Pseudo-Invertible networks using JAX

This post aims at training invertible neural networks. To be specific, the goal is to learn two functions $f_\theta, g_\phi$ which are $\mathbb{R} \to \mathbb{R}$, so that we have $f_\theta \approx g_\phi^{-1}$.

This relationship between $f_\theta$ and $g_\phi$ means that at any two points $x,y$ we should have

$$ \begin{align*} y &\approx f_\theta \circ g_\phi (y) \\ x &\approx g_\phi \circ f_\theta (x) \\ \end{align*} $$

This condition can be enforced through the constraint $\Omega(\mu, \lambda)$ defined as

$$ \Omega(\mu, \lambda) = \mu\,\mathbb{E}_Y\lVert Y- f_\theta \circ g_\phi (Y) \rVert^2 + \lambda \,\mathbb{E}_X\lVert X- g_\phi\circ f_\theta (X) \rVert^2$$

This expectation w.r.t inputs $x, y$ is taken over the distribution of the inputs, so that in practice we obtain discrete sums over the dataset $\mathcal{D} = {(x_i, y_i)}_{i=1}^n$. A downside of this approach is that the functions are approximately invertible only around points present in $\mathcal{D}$.
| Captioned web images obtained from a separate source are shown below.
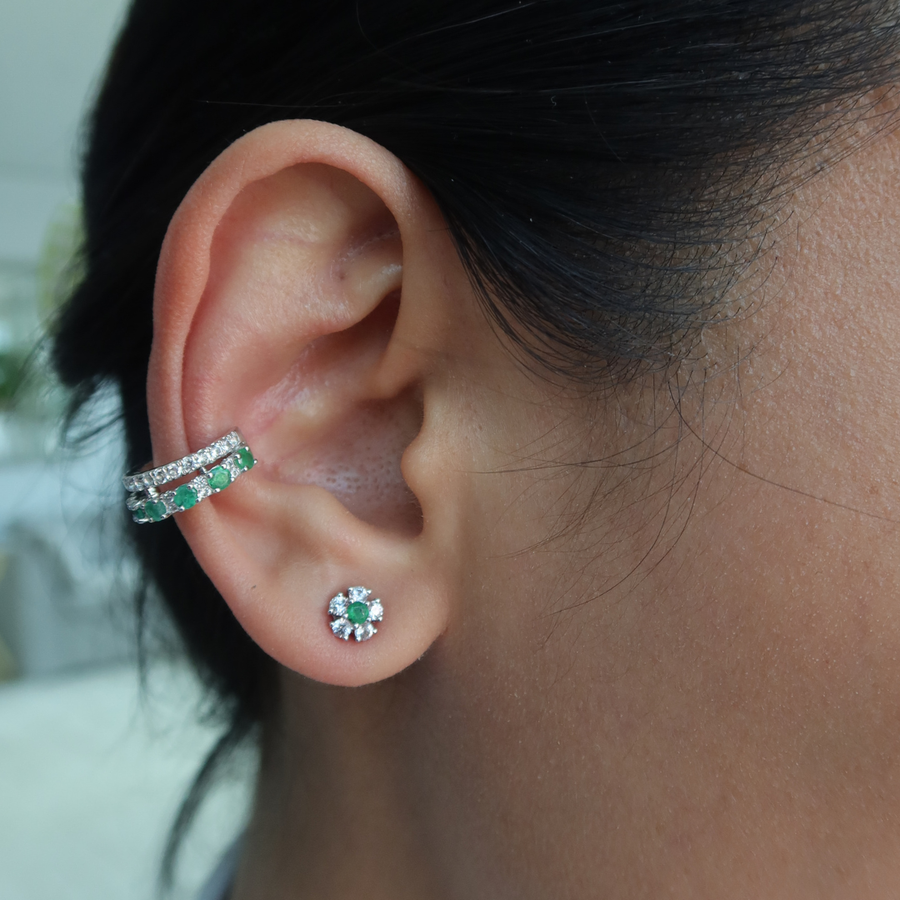 Kai White Sapphire & Emerald Cuff - Psylish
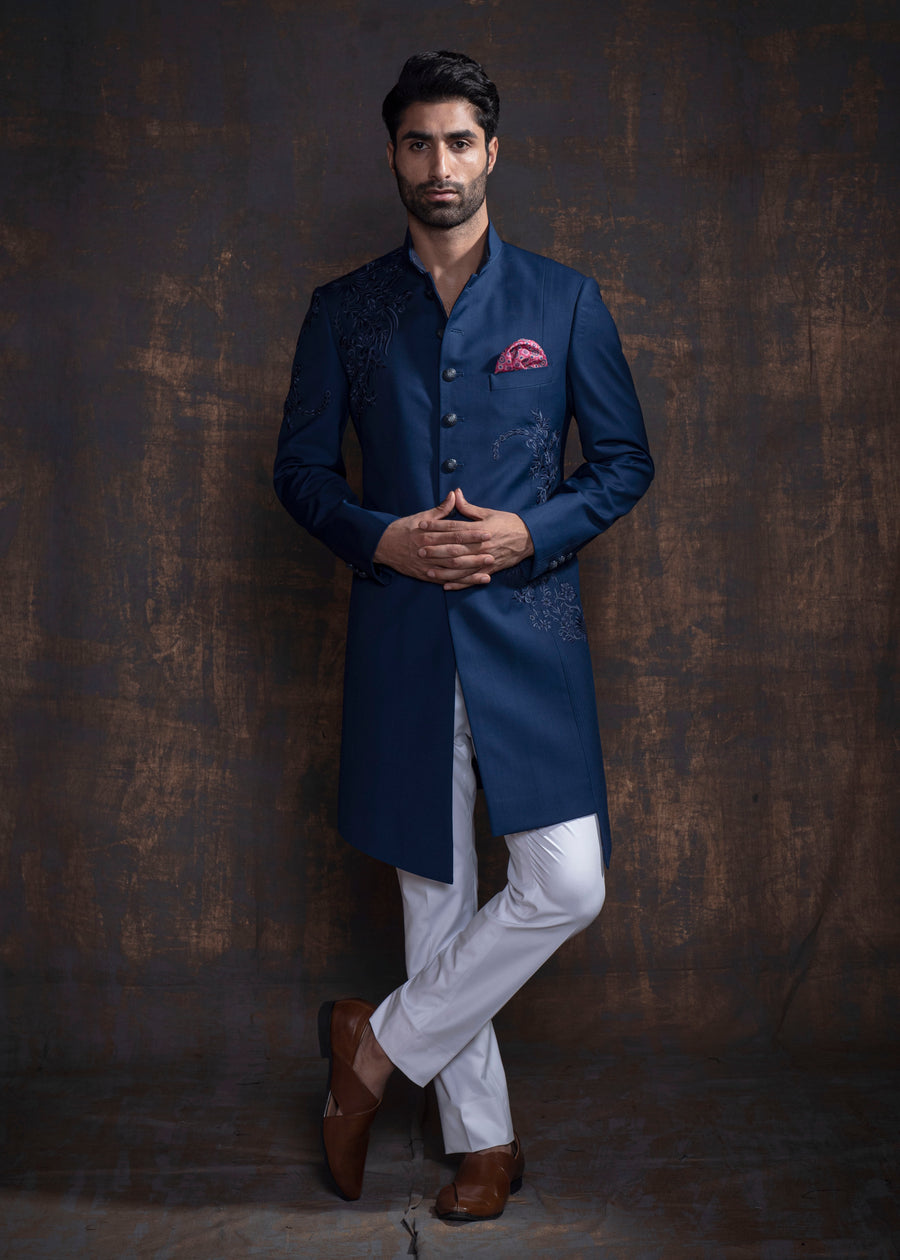 Dark Blue Asymmetrical Indo Western Set
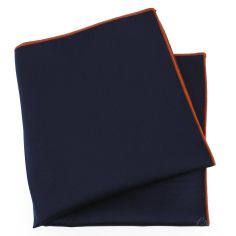 Pochette soie, Marino, ourlet orange Tony & Paul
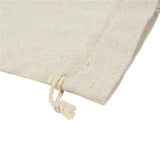 Elegant Cotton Linen Drawstring Pouches - Set of 10 - Side View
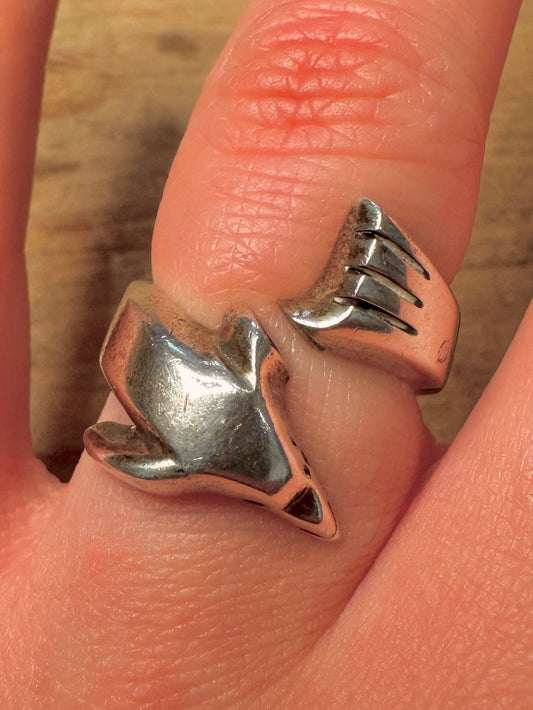 Abstract Dolphin Overlapping 925 Silver Size P Ring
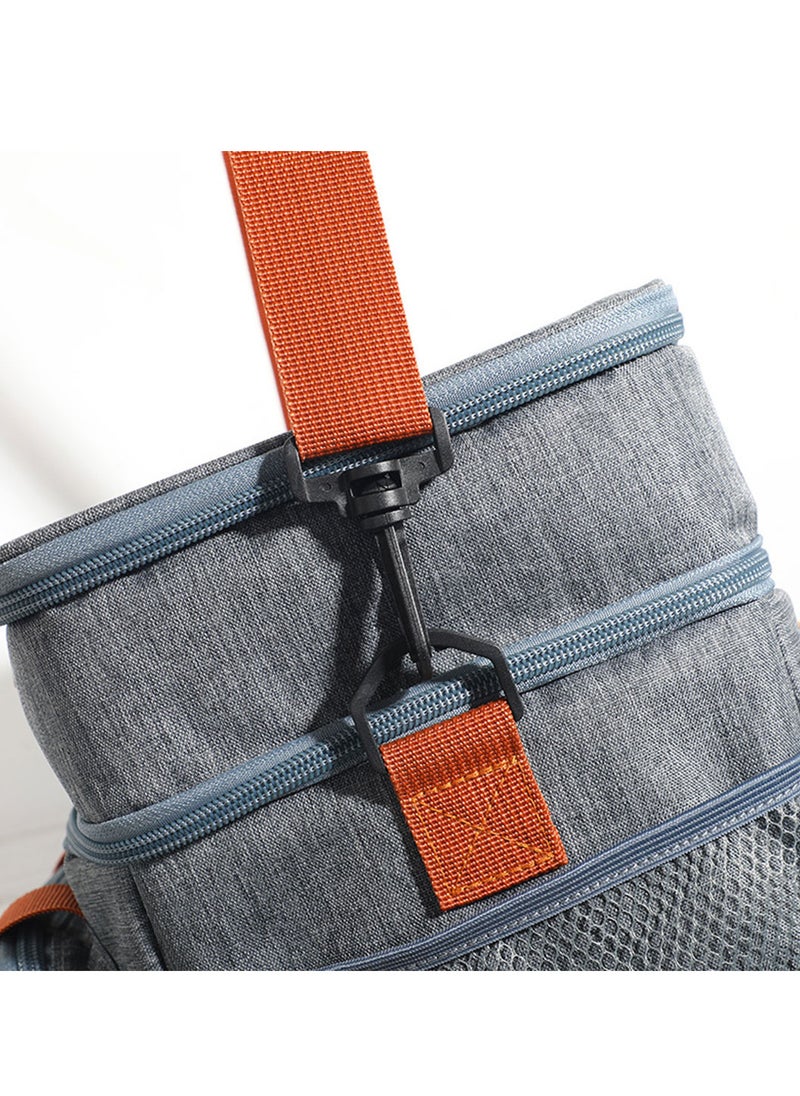 MIBRU Coffee tools bag gray Double Layer Thermal Lunch Bag Large Capacity Picnic Box Meal Pouch Food Insulated Cooler Delivery Bags for Women Men Kids  - Image 5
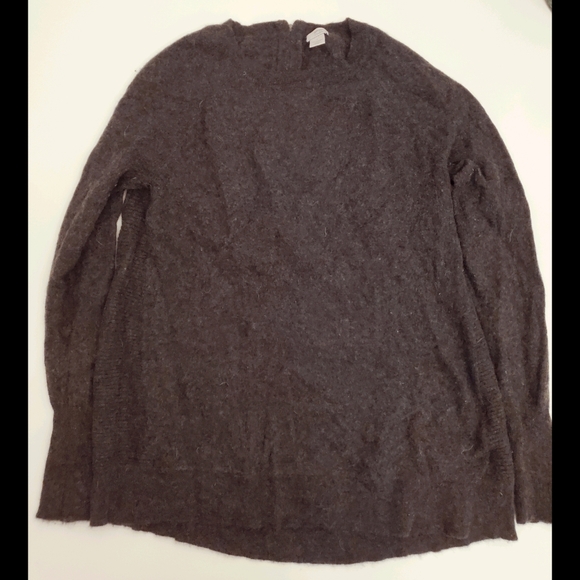 Halogen Zip Back Crewneck Cashmere Sweater - Picture 3 of 4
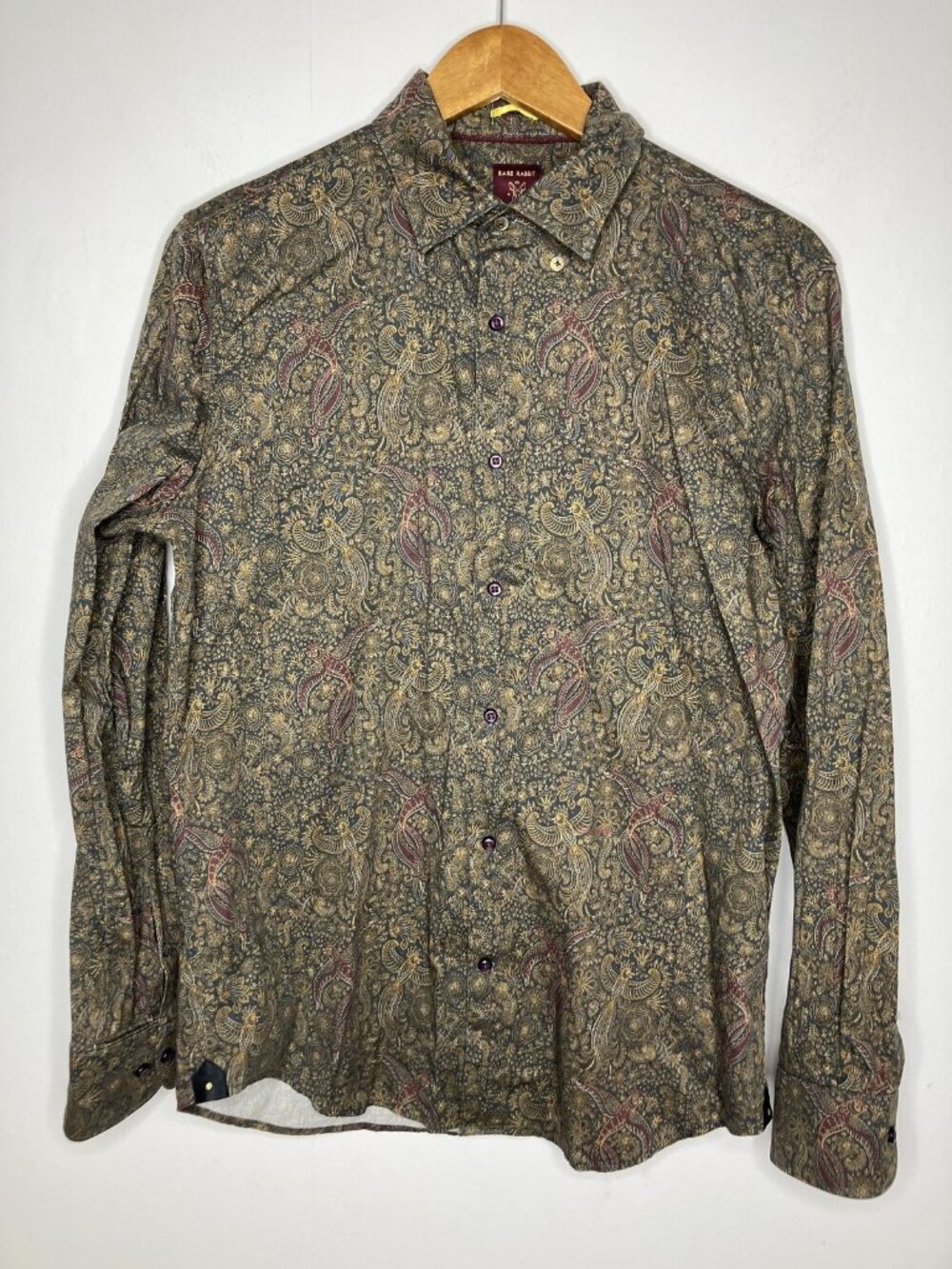 Rare Rabbit Men's Medium Gray Gold Phoenix Bird Button Down Shirt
This $\Omega$ constraint is added to the base $L_2$ goodness of fit constraint $\mathcal{L}$ for the two networks: $$ \mathcal{L}(\mathcal{D}) = \dfrac{1}{n}\sum_{i=1}^n\lVert f_\theta(x_i) – y_i\rVert^2 + \dfrac{1}{n}\sum_{i=1}^n\lVert g_\phi(y_i) – x_i\rVert^2$$

So that our final loss is $\tilde{\mathcal{L}}(\mathcal{D}, \lambda, \mu) = \mathcal{L}(\mathcal{D}) + \Omega(\mu, \lambda)$.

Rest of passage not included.